**Listed entries:**
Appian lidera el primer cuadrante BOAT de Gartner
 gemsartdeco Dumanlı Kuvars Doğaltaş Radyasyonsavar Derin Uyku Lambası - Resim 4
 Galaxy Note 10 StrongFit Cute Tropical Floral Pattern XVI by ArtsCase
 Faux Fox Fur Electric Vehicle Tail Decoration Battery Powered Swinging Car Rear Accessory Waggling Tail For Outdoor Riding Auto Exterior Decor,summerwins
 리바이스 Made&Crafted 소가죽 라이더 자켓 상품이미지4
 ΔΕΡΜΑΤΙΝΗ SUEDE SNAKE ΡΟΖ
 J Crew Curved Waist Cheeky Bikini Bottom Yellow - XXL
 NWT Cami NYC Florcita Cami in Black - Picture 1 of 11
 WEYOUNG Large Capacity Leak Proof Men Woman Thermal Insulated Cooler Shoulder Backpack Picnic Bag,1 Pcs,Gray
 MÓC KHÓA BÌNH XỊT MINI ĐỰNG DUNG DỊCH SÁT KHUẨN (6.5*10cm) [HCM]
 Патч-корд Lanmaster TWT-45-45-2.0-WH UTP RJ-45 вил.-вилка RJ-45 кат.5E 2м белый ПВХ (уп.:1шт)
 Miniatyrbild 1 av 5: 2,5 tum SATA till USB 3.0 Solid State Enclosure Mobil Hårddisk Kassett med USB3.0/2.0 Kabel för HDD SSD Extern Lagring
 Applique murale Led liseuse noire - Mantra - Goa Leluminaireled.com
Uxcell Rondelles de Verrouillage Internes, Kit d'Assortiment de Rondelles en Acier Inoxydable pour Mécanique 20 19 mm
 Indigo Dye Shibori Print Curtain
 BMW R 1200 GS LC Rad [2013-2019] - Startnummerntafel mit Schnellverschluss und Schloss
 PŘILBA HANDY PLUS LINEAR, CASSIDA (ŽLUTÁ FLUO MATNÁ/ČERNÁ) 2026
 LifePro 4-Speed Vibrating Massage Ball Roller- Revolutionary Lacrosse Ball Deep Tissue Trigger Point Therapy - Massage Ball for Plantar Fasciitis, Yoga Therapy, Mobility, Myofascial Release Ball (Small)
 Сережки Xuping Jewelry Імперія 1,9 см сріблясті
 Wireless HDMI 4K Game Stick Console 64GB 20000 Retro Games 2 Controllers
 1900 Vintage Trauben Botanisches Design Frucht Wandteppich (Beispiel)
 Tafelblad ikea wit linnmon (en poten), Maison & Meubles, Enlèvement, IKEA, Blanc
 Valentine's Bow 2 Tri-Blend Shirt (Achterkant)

**Problem statement:** Would you please reproduce every line from the one containing "Applique murale Led" through the final line of the listing, and only those lines?

**Problem solution:**
 Applique murale Led liseuse noire - Mantra - Goa Leluminaireled.com
Uxcell Rondelles de Verrouillage Internes, Kit d'Assortiment de Rondelles en Acier Inoxydable pour Mécanique 20 19 mm
 Indigo Dye Shibori Print Curtain
 BMW R 1200 GS LC Rad [2013-2019] - Startnummerntafel mit Schnellverschluss und Schloss
 PŘILBA HANDY PLUS LINEAR, CASSIDA (ŽLUTÁ FLUO MATNÁ/ČERNÁ) 2026
 LifePro 4-Speed Vibrating Massage Ball Roller- Revolutionary Lacrosse Ball Deep Tissue Trigger Point Therapy - Massage Ball for Plantar Fasciitis, Yoga Therapy, Mobility, Myofascial Release Ball (Small)
 Сережки Xuping Jewelry Імперія 1,9 см сріблясті
 Wireless HDMI 4K Game Stick Console 64GB 20000 Retro Games 2 Controllers
 1900 Vintage Trauben Botanisches Design Frucht Wandteppich (Beispiel)
 Tafelblad ikea wit linnmon (en poten), Maison & Meubles, Enlèvement, IKEA, Blanc
 Valentine's Bow 2 Tri-Blend Shirt (Achterkant)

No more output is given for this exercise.